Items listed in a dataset
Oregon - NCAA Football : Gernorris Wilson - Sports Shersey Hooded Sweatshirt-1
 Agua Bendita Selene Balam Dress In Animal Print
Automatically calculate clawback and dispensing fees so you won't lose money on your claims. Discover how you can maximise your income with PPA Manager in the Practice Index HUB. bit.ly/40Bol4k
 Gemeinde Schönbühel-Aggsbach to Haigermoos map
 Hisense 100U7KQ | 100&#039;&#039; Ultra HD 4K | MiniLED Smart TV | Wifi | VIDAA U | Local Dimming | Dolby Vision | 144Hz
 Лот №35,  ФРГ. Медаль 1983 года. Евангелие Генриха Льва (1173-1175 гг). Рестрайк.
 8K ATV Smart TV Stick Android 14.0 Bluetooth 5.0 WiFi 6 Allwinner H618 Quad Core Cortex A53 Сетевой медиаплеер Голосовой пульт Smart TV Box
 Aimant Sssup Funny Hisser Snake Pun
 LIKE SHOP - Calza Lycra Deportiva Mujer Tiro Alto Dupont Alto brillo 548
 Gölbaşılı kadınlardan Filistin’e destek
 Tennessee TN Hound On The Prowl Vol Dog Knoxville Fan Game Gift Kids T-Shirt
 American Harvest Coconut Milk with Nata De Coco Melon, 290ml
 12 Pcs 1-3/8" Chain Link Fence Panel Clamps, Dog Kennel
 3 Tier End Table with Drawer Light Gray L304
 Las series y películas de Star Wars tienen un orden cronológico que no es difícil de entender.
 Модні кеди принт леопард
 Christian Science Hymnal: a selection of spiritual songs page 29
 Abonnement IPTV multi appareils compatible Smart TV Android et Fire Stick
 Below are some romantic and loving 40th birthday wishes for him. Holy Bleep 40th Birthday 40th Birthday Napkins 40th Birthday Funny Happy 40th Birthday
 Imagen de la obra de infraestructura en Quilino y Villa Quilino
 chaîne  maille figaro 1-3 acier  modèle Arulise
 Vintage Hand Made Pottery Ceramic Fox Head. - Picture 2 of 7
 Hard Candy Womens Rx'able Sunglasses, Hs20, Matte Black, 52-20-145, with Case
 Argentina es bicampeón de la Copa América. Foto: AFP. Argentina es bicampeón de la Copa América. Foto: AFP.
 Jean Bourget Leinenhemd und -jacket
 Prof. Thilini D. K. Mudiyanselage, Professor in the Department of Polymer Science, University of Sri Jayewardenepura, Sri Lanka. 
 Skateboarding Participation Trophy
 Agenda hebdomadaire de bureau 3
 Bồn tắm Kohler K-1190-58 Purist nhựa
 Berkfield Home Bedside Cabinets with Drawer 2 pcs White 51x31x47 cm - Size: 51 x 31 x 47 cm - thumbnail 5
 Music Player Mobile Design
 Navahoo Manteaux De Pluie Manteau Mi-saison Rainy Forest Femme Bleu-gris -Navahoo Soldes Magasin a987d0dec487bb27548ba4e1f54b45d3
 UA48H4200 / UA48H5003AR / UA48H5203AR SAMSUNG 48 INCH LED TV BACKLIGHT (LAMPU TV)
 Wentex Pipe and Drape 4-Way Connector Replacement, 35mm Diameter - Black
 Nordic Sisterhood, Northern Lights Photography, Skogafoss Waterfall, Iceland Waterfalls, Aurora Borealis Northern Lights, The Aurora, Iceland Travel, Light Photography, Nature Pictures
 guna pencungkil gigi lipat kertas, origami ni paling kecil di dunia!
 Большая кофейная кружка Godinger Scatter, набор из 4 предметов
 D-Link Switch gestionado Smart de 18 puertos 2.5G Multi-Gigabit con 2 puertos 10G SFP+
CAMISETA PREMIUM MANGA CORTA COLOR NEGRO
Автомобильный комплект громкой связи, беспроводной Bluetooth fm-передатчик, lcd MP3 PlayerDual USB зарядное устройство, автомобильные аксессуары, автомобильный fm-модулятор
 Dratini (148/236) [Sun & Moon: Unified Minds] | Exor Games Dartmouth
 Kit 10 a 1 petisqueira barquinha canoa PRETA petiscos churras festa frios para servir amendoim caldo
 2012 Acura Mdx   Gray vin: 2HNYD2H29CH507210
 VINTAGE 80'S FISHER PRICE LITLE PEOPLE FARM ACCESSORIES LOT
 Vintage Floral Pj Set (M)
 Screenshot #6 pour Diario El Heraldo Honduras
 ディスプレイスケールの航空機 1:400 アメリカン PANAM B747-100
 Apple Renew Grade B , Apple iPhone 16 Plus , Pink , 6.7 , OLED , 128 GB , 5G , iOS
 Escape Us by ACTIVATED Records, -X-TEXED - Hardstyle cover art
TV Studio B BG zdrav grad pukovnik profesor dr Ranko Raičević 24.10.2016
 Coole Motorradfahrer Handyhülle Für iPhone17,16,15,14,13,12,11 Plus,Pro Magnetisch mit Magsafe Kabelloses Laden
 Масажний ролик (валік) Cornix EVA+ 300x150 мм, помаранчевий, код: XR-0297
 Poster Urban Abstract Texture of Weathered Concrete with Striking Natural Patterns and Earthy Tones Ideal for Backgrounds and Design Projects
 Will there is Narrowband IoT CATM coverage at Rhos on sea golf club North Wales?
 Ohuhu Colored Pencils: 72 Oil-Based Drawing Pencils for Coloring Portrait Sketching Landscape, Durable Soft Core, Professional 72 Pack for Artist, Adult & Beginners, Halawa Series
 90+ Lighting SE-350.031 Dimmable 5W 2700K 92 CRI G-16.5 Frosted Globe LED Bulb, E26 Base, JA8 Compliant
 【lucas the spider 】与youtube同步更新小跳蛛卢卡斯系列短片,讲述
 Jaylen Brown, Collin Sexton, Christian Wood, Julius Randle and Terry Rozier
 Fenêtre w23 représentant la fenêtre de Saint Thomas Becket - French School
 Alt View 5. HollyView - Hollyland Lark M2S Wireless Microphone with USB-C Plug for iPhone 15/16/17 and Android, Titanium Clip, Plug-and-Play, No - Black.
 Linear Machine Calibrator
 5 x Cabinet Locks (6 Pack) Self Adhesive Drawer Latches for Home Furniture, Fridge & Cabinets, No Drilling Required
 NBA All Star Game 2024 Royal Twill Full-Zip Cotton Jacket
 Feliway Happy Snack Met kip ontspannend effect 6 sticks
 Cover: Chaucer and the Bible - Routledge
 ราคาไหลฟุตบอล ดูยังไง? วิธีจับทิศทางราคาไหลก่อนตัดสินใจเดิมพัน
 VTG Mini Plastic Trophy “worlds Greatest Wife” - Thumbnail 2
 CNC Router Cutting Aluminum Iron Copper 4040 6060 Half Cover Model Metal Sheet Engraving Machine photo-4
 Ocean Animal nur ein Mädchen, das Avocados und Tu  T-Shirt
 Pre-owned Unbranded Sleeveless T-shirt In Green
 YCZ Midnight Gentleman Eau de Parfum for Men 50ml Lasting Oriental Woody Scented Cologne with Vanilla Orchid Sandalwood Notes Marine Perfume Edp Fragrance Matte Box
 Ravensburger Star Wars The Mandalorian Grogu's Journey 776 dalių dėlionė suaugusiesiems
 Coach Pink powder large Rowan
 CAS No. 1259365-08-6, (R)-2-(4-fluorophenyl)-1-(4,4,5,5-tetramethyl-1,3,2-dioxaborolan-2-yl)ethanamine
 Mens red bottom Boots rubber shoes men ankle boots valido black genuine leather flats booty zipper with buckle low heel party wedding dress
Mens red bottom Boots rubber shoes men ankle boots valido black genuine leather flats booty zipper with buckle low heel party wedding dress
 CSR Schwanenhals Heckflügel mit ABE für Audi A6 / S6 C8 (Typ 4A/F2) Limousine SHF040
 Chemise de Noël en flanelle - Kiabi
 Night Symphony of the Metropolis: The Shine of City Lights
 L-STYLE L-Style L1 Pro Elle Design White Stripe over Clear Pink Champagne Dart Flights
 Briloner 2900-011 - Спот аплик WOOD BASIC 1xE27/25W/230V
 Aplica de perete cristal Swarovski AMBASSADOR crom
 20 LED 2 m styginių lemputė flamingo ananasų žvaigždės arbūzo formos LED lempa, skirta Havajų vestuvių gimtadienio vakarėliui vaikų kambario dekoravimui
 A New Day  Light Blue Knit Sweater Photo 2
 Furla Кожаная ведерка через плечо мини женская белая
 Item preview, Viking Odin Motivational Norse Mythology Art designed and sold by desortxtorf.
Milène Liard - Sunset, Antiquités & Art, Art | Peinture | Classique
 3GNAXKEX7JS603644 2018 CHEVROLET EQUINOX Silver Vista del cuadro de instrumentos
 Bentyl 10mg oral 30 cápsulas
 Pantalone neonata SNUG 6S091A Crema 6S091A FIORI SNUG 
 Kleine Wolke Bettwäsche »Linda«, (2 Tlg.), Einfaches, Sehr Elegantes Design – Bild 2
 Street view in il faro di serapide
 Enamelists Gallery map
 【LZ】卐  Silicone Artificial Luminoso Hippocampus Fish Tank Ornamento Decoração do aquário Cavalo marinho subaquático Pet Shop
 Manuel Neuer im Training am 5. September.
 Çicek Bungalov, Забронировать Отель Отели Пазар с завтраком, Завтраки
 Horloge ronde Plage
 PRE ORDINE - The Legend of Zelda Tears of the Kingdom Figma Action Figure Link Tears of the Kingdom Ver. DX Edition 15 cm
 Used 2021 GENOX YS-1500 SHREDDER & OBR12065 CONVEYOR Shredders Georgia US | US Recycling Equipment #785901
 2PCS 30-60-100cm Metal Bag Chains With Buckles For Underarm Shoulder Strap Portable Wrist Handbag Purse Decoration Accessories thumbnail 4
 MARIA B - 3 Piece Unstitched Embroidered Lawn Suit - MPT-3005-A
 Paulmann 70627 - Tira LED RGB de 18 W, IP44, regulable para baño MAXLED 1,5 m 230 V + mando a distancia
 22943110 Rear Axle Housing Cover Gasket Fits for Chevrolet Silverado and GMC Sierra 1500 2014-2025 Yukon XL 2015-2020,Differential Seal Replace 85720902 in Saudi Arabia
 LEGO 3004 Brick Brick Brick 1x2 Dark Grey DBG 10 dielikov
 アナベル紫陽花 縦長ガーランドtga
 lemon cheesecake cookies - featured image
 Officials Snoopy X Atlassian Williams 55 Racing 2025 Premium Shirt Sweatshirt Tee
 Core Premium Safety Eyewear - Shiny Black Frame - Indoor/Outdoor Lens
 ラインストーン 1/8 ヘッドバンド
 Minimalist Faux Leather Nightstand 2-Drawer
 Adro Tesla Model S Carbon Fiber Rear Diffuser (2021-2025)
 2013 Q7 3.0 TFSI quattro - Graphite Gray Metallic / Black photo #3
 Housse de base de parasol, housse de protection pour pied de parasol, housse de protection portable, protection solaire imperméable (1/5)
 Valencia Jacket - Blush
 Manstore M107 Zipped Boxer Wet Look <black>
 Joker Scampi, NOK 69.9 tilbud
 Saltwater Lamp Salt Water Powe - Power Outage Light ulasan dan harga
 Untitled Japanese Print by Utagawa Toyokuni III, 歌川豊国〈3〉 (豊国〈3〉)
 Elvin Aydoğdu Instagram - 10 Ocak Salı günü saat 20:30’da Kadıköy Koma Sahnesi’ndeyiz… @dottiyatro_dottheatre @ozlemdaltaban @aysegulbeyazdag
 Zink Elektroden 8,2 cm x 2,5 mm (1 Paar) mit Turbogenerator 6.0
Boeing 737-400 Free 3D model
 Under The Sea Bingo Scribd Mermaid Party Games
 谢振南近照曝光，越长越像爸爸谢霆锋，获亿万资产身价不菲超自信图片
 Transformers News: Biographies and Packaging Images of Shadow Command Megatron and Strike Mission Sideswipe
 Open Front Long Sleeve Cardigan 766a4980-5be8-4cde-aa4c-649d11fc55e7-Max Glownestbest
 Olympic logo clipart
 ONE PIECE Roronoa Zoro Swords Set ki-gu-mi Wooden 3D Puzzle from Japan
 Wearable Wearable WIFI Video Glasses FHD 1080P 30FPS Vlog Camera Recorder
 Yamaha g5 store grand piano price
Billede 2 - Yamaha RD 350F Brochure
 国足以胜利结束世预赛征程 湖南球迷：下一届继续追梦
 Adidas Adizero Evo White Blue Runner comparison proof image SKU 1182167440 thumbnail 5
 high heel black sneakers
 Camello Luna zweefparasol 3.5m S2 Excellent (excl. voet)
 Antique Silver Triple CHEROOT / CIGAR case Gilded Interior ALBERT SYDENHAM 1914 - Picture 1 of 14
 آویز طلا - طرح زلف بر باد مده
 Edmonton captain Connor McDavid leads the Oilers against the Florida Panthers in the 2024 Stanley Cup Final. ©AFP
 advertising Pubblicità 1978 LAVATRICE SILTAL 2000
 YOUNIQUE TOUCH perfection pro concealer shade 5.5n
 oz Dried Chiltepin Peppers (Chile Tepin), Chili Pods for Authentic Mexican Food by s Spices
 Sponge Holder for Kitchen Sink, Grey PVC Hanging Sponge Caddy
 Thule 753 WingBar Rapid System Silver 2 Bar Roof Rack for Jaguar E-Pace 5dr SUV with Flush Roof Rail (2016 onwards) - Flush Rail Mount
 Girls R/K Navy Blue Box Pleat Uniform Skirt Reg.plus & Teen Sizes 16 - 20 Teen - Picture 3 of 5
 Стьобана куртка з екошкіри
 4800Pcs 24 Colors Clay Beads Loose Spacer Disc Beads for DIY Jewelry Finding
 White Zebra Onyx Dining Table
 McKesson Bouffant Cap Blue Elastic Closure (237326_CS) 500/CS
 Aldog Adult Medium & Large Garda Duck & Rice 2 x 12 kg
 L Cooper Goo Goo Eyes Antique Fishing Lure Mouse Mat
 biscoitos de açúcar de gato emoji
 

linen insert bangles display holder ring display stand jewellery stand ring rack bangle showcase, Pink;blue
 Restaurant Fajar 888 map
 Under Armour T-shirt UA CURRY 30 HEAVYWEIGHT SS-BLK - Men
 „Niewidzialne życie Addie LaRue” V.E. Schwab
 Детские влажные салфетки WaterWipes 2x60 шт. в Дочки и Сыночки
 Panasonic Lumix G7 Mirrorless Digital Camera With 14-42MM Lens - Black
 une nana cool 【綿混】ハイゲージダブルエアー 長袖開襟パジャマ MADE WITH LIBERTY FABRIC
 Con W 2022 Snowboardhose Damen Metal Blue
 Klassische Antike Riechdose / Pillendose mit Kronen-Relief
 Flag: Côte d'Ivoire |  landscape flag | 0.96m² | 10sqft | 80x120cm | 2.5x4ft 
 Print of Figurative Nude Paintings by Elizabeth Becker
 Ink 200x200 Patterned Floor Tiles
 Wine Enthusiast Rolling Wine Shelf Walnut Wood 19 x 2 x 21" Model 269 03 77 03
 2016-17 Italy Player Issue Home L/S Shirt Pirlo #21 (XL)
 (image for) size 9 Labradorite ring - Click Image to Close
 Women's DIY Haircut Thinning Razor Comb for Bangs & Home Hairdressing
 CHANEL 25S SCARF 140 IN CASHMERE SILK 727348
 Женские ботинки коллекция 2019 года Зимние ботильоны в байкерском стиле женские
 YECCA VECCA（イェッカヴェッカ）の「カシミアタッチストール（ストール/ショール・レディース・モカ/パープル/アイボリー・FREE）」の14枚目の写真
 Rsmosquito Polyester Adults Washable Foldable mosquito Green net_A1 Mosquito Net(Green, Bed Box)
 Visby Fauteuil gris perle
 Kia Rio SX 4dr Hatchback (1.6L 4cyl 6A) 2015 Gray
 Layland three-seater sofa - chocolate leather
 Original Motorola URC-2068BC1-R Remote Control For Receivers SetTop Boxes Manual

▸ **Work required**: Take the lines above from the first through the one containing "(1173-1175 гг). Рестрайк." and reproduce them exactly; include nothing else.

▸ **Solution to this task**:
Oregon - NCAA Football : Gernorris Wilson - Sports Shersey Hooded Sweatshirt-1
 Agua Bendita Selene Balam Dress In Animal Print
Automatically calculate clawback and dispensing fees so you won't lose money on your claims. Discover how you can maximise your income with PPA Manager in the Practice Index HUB. bit.ly/40Bol4k
 Gemeinde Schönbühel-Aggsbach to Haigermoos map
 Hisense 100U7KQ | 100&#039;&#039; Ultra HD 4K | MiniLED Smart TV | Wifi | VIDAA U | Local Dimming | Dolby Vision | 144Hz
 Лот №35,  ФРГ. Медаль 1983 года. Евангелие Генриха Льва (1173-1175 гг). Рестрайк.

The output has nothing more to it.